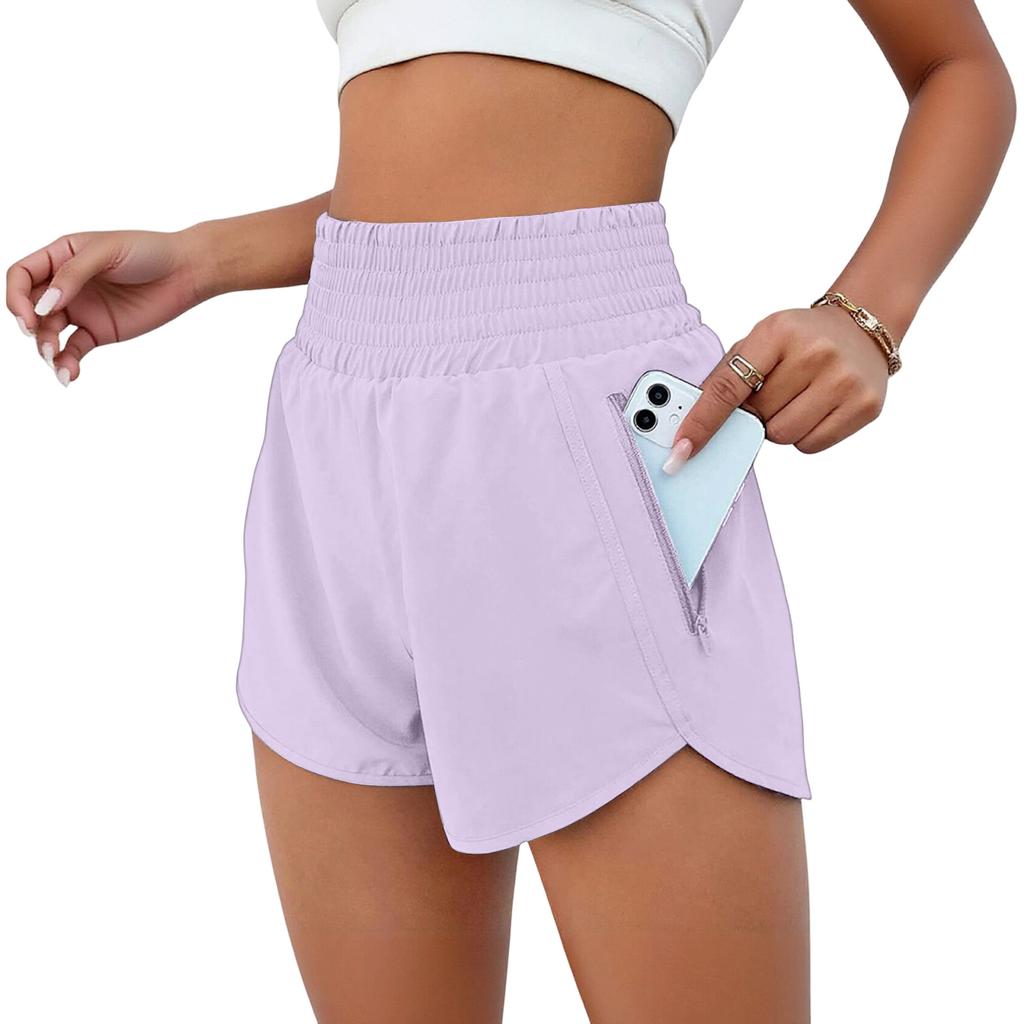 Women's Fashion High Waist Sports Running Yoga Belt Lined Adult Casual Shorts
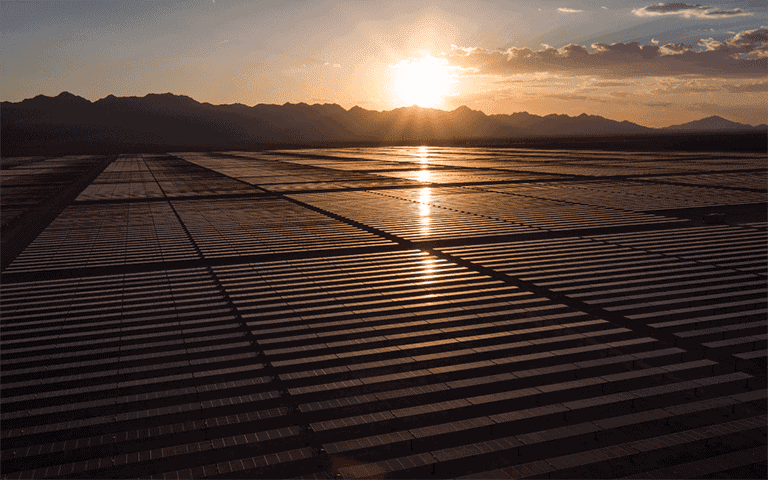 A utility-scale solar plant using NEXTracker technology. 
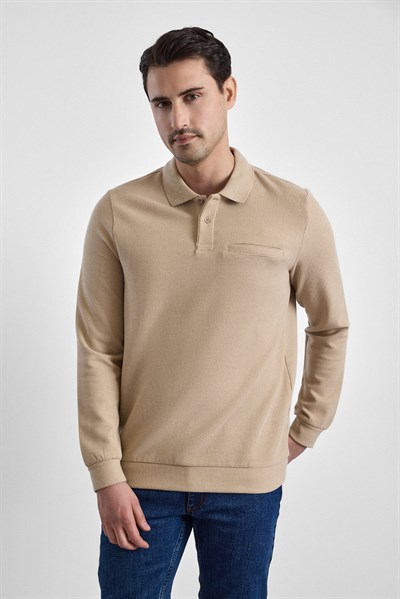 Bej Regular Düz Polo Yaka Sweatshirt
**********
▶ _HOW TO COMPLETE THIS TASK_: Every line above should be returned word for word, with the pictures left behind.

▶ _OUTPUT OF THE EXERCISE_:
 Women's Fashion High Waist Sports Running Yoga Belt Lined Adult Casual Shorts
 A utility-scale solar plant using NEXTracker technology. 
 Bej Regular Düz Polo Yaka Sweatshirt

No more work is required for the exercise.